■ Image-caption web data ■
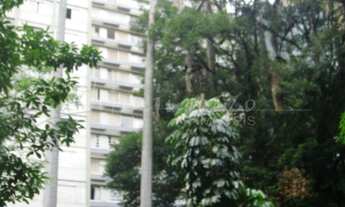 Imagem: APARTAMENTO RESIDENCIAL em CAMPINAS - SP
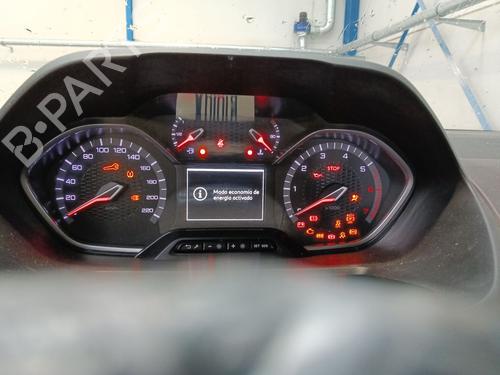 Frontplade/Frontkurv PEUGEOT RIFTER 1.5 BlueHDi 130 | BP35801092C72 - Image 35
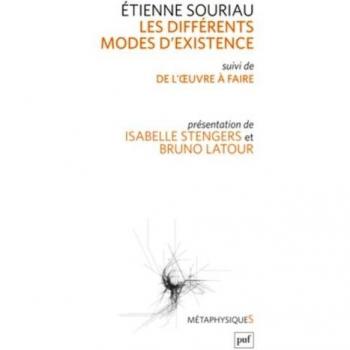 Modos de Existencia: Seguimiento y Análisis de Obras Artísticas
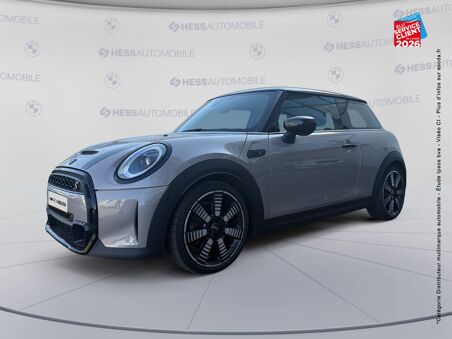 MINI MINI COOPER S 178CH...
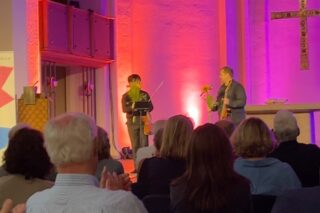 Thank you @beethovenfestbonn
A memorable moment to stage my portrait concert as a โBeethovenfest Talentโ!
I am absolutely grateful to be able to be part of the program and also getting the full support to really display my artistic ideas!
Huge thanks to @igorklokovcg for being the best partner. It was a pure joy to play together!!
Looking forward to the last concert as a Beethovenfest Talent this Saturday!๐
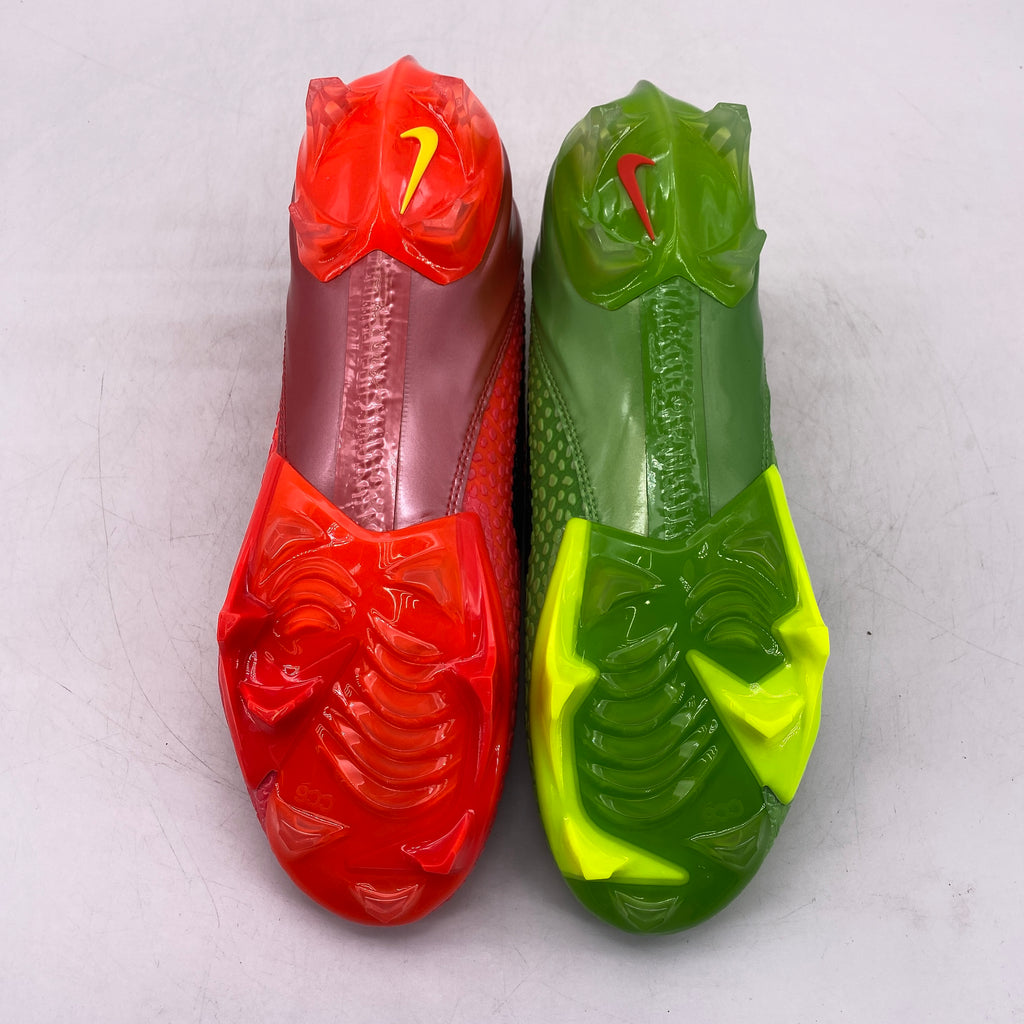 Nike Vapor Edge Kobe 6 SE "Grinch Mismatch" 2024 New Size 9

■ WHAT THE TASK ASKS ■
Drop the images; return the entries above exactly as they appear.

■ SOLUTION TO THIS TASK ■
 Imagem: APARTAMENTO RESIDENCIAL em CAMPINAS - SP
 Frontplade/Frontkurv PEUGEOT RIFTER 1.5 BlueHDi 130 | BP35801092C72 - Image 35
 Modos de Existencia: Seguimiento y Análisis de Obras Artísticas
 MINI MINI COOPER S 178CH...
 Thank you @beethovenfestbonn
A memorable moment to stage my portrait concert as a โBeethovenfest Talentโ!
I am absolutely grateful to be able to be part of the program and also getting the full support to really display my artistic ideas!
Huge thanks to @igorklokovcg for being the best partner. It was a pure joy to play together!!
Looking forward to the last concert as a Beethovenfest Talent this Saturday!๐
 Nike Vapor Edge Kobe 6 SE "Grinch Mismatch" 2024 New Size 9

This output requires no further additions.